Mary Christian Dundas Hamilton (24 May 1850 – 10 June 1943) was a Scottish writer and poet. She is known for writing A Hymn for Aviators (1915). The music to this hymn was composed by Charles Hubert Parry. Hamilton's verse was printed in The Times of London in 1915 and was also included in the anthology A Book of Verse of the Great War by W. Reginald Wheeler, published by Yale University in 1917.

== Early life and family ==
Mary Christian Dundas Hamilton was born in Edinburgh to parents John Hamilton and Catherine Barbara Stobart. She grew up in Ayrshire and moved to Sussex, England, where she lived until her death in 1943, leaving an estate worth £5781. Hamilton had a house in Rustington, Sussex, where she was a keen fund raiser for the Women's Suffrage movement which was active in this part of the country seeing visits from Rhoda Garrett and her cousins Millicent Fawcett, Agnes Garrett and Elizabeth Garrett Anderson at various points around 1879.

== Poetry ==
Hamilton was a poet. She wrote A Hymn for Aviators in 1915, a poem that was adapted at various times and given different titles.
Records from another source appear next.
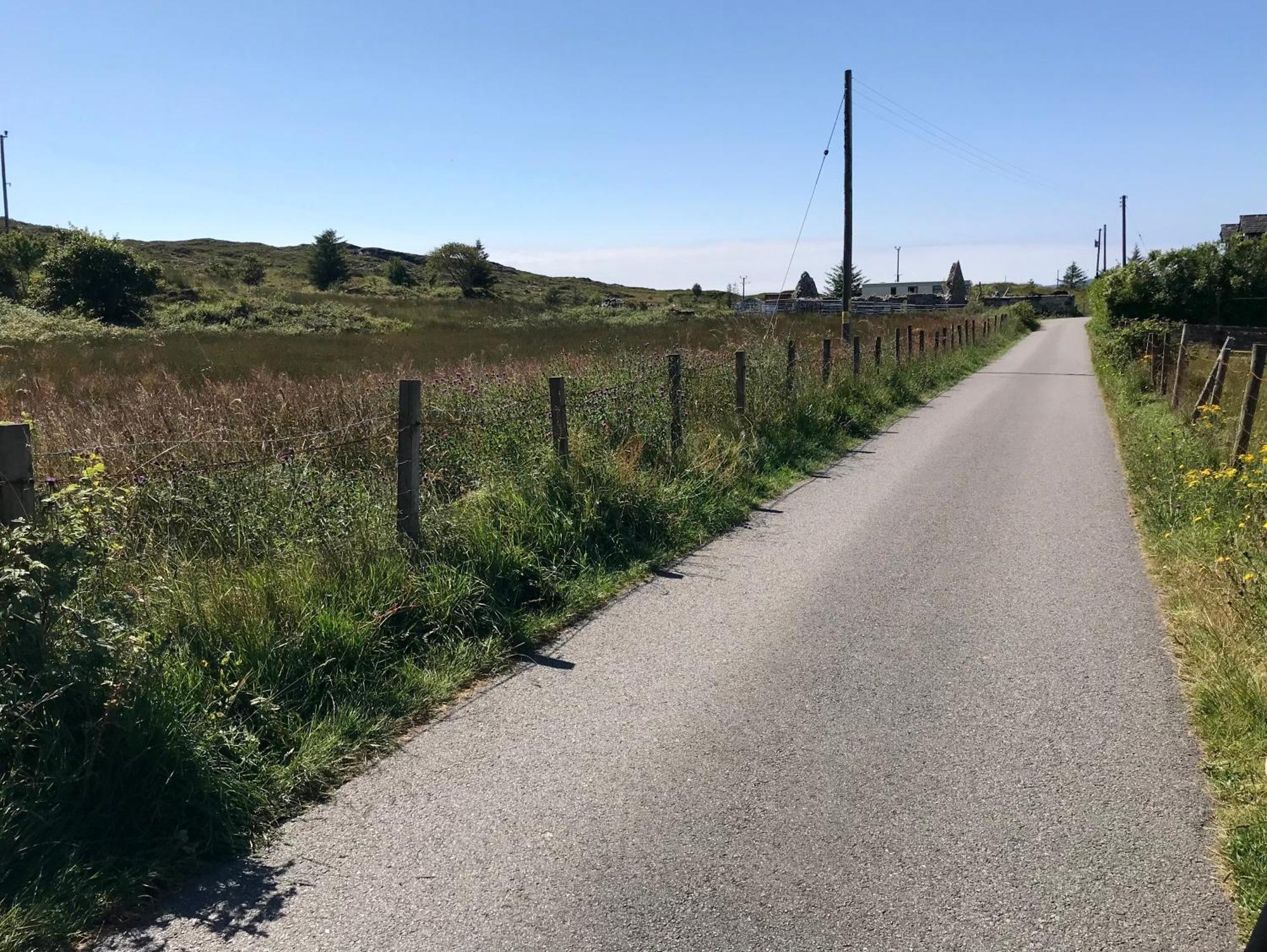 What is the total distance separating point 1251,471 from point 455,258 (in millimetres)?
91505

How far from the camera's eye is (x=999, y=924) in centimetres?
278

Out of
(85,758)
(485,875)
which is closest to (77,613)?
(85,758)

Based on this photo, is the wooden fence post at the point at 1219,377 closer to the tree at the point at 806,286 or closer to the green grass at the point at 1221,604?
the green grass at the point at 1221,604

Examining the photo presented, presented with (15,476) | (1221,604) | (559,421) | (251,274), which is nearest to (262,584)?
(15,476)

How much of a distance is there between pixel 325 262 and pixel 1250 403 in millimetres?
86458

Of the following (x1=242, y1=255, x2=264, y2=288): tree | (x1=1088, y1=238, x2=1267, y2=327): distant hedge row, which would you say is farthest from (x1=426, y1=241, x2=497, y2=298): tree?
(x1=1088, y1=238, x2=1267, y2=327): distant hedge row

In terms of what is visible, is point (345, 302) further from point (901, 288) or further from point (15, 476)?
point (901, 288)

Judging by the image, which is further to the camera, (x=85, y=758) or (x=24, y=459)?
(x=24, y=459)

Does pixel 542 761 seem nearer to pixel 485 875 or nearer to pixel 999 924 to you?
pixel 485 875

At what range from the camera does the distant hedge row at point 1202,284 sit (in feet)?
114

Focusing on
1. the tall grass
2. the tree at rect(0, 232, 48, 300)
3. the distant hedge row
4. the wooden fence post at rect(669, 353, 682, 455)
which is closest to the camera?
the tall grass

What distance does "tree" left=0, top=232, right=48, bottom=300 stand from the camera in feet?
153

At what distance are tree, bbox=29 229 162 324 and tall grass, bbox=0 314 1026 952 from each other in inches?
1435

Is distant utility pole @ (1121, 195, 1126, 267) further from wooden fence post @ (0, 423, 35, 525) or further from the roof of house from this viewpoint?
wooden fence post @ (0, 423, 35, 525) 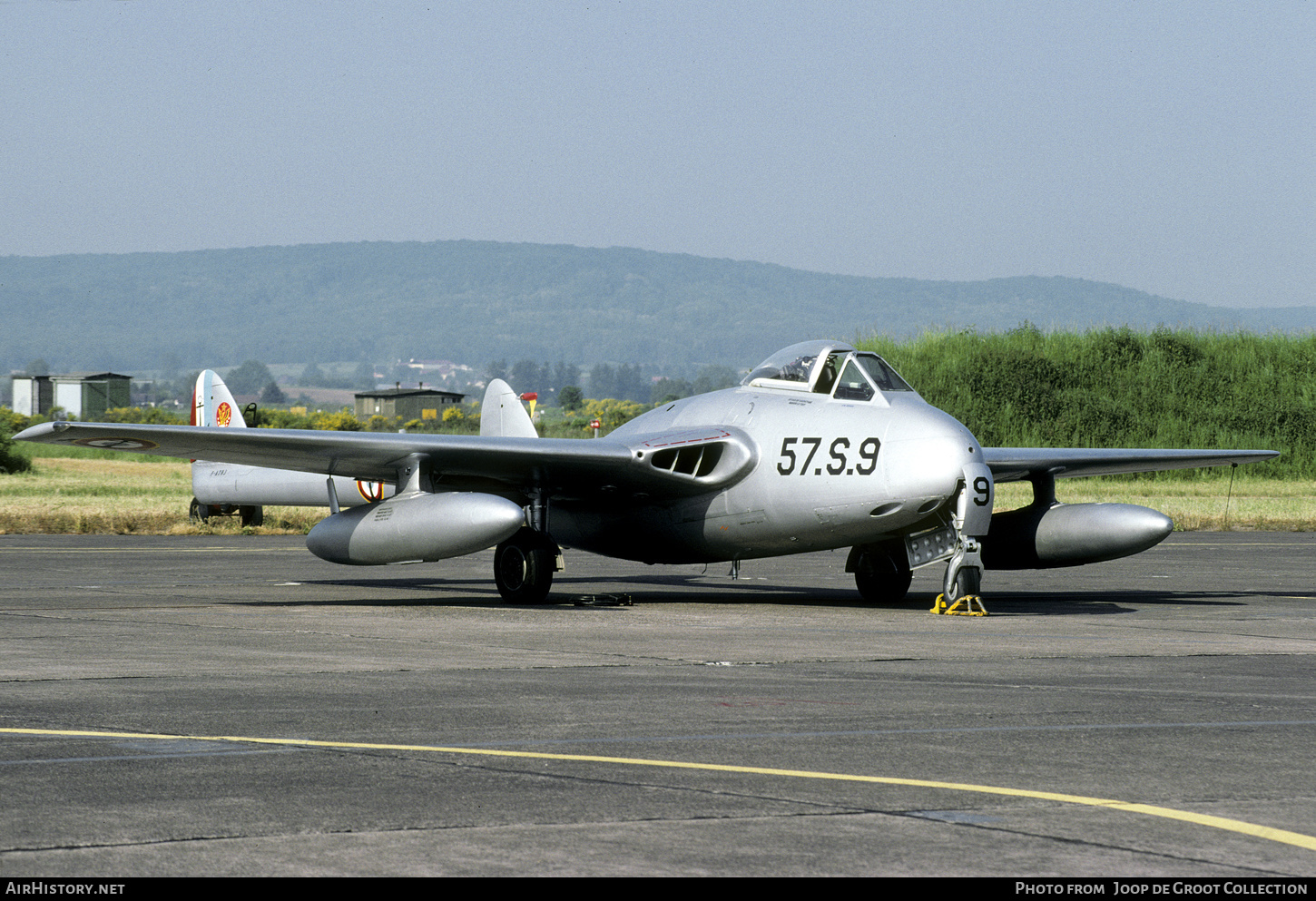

It was known as "Lord, Guard and Guide the Men Who Fly" and also as "United States Air Force Hymn", it first appeared in the American Student Hymnal in 1928 and was set to Mozart's "Dona Nobis Pacem". This text was also used for "A Hymn for Aviators" and later when World War II began, it was adapted and used as part of "The Navy Hymn" for naval aviators.